6. Quality Assurance (QA) Audit Records and Final Reports

These provide independent oversight and formal study conclusions.

  • QA audit plans must define inspection schedules for critical study phases, raw data, and reports
  • QA reports must document findings, follow-up actions, and communication to management
  • Final study reports must include protocol summary, deviations, results, conclusions, and a signed QA statement confirming GLP compliance and inspection coverage

Regulators verify that QA inspections occurred at appropriate study phases and that findings were resolved before study finalization.

7. Archival and Retention Records

These ensure long-term traceability and reconstructability of studies.

  • Archive indexes must catalog all study-related materials including protocols, raw data, reports, QA records, training, and equipment documentation
  • Storage records must define conditions, access control, and preservation of both paper and electronic data
  • Retention schedules must comply with regulatory requirements and demonstrate that records remain readable and retrievable over time
  • Retrieval testing must confirm that archived electronic data can be restored with full metadata and audit trails intact

A common regulatory concern is archived electronic data that cannot be reprocessed or lacks sufficient metadata to reconstruct the study.

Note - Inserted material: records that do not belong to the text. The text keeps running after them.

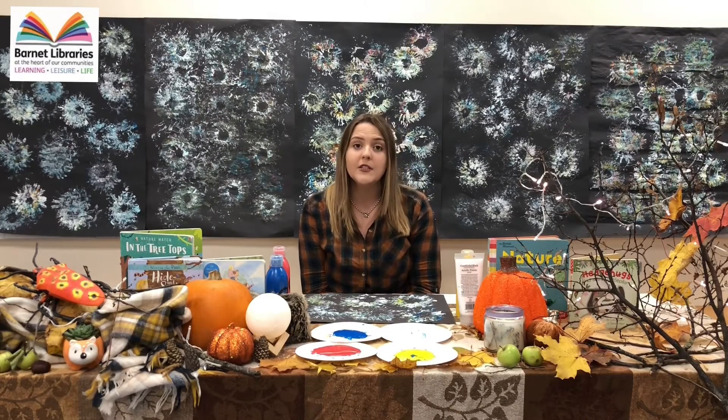Thank you for watching Chipping Barnet Library's Autumn Craft event. We at Barnet Libraries are really missing you and we hope to welcome you back soon. In the meantime, you can use our select and collect service to borrow books, and you can use our online services to borrow e-books and e-audiobooks. Thank you so much for watching.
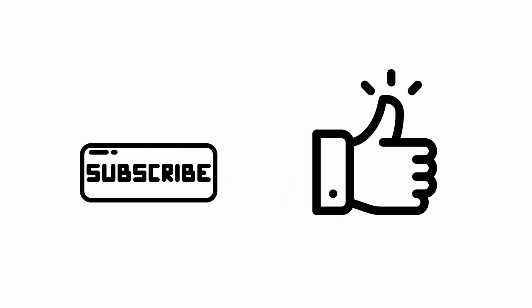If you liked the video, don't forget to hit the like button, and if you want to see more videos like this, subscribe to the channel. I hope that you enjoyed, thank you!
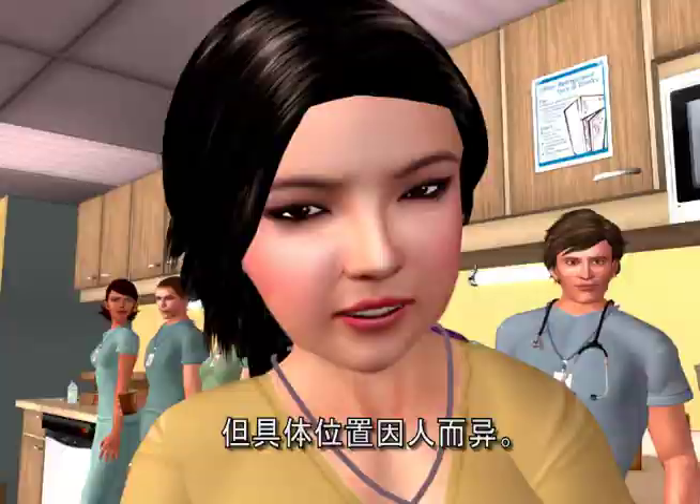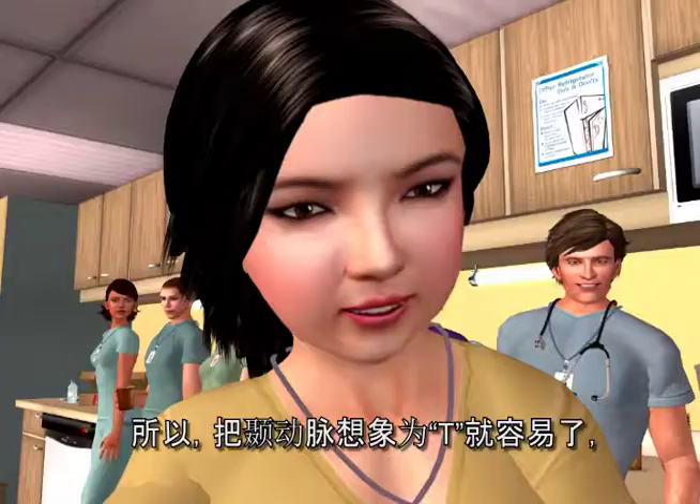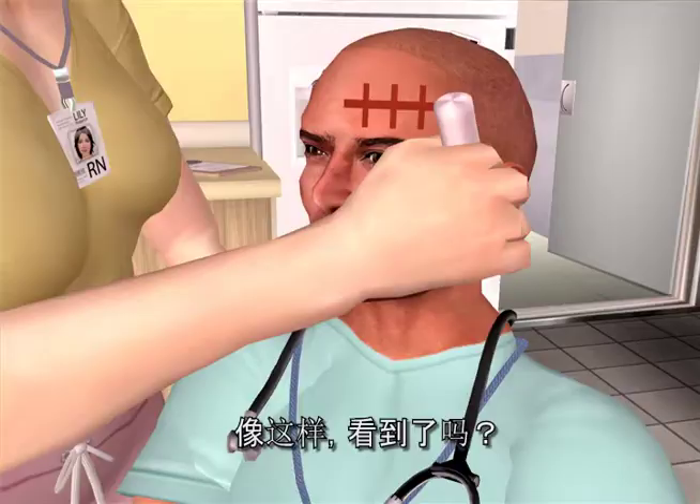The superficial temporal artery is up in the forehead, but varies in exact location from person to person. We need to cross the artery, so think T for temporal artery, and the rest is easy — just cross the T's. Not this way.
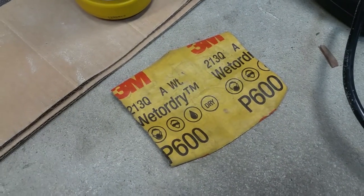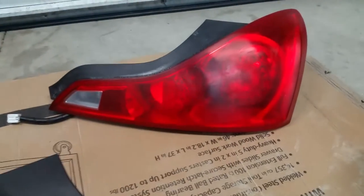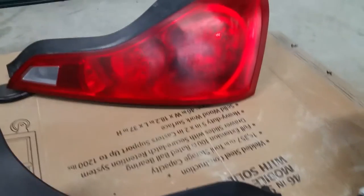Use 600 grit sandpaper to wet sand it. After you sand it, it's going to look foggy and scratched like this. Then, once you're done wet sanding, clean it off.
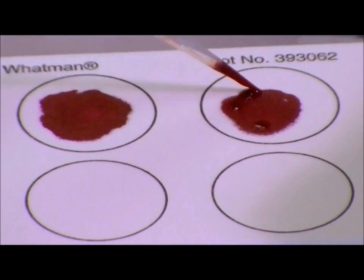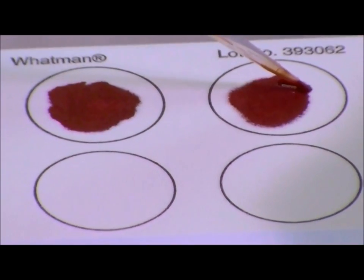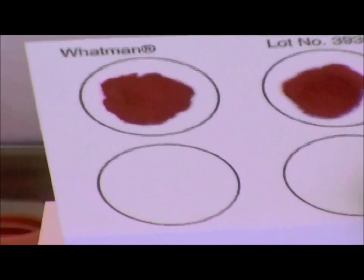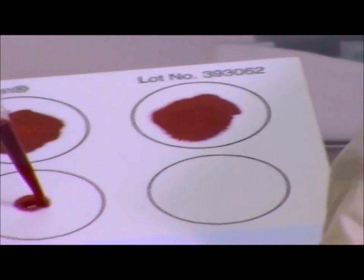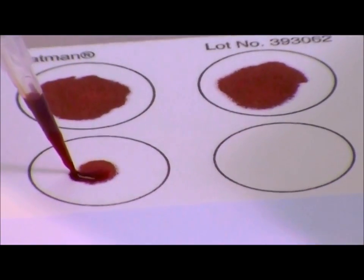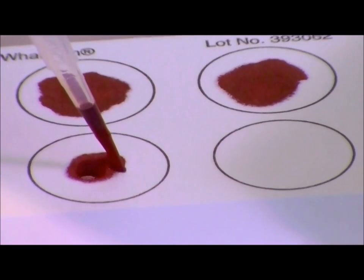If using blood from a finger stick, apply 60 to 70 microliters or two drops of blood to each circle. Use at least three circles for a total volume of 200 microliters.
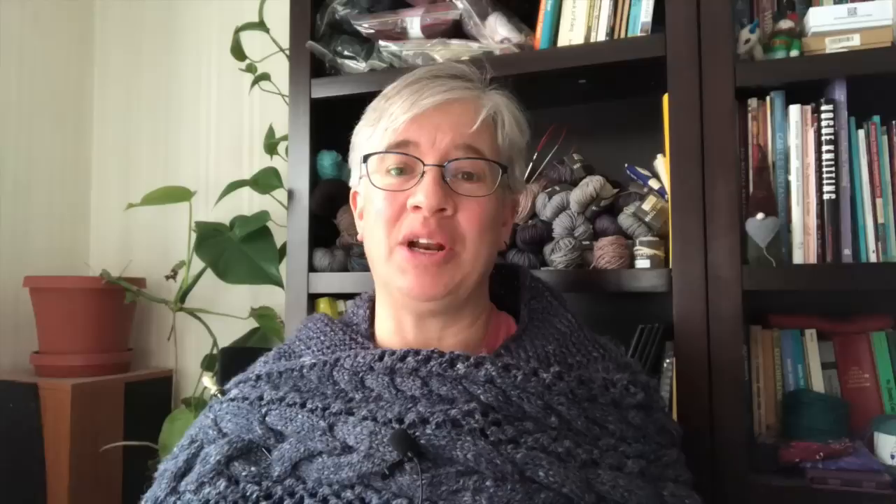Before we get started I want to give a hearty shout out to all my patrons — thanks so much for supporting the channel. We've got some fun stuff coming up in 2020, so if you're interested in becoming a patron head on over to patreon.com/pearltogether and check out what I'm offering in trade for your pledges. I have several tiers of rewards depending on your pledge amount.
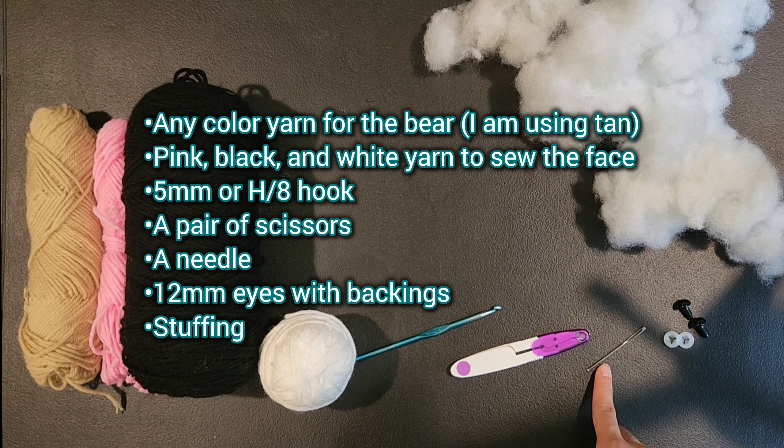For round 5 of the head we are going to be doing single crochet 3, increase — single crochet into the next 3 stitches and then do an increase into the fourth stitch — and repeat that 5 more times for a total of 30 stitches. For round 6 we are doing single crochet 4, increase — single crochet into the next 4 stitches and then an increase into the fifth stitch — repeat that 5 more times for a total of 36 stitches.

What Weak GLP Documentation Looks Like

  • Missing linkage between protocol requirements, raw data, and final report conclusions
  • Incomplete raw data sets, such as absent original instrument outputs or undocumented data transfers
  • Deviations recorded without scientific rationale or impact assessment
  • Equipment logs that do not align with study timelines or lack calibration evidence at time of use
  • Training records that are generic, undated, or not tied to specific procedures
  • QA audits performed retrospectively or lacking evidence of follow-up
  • Archive systems that store data but cannot demonstrate retrieval or integrity over time

These weaknesses prevent inspectors from reconstructing the study and directly undermine GLP compliance.

Data Integrity Implications

GLP documentation must meet ALCOA+ principles in practice, not just in policy.

  • Attributable failures occur when entries lack signatures, timestamps, or user identification in electronic systems
  • Legibility issues arise when original records are overwritten or obscured rather than corrected properly
  • Contemporaneous recording is challenged by backdated entries or delayed transcription from unofficial notes
  • Original data integrity is compromised when raw data are replaced by summaries without retention of source records
  • Audit trail deficiencies in computerized systems prevent detection of data changes or deletions
  • Access control failures allow unauthorized data modification without traceability

Regulators expect audit trails to be reviewed and deviations in data integrity to be investigated with the same rigor as analytical deviations.

Practical Takeaway

GLP documentation is inspection-ready only when it allows a regulator to reconstruct the entire study without relying on verbal explanations.

  • Every result must trace back to raw data, equipment state, method, and trained personnel
  • Every deviation must show scientific reasoning and documented impact on study validity
  • Every system used to generate data must have evidence of control at the time of use
  • Every record must be attributable, contemporaneous, and preserved in its original form

Presence of documents is not sufficient. Inspectors evaluate whether those records form a complete, consistent, and defensible narrative of the study.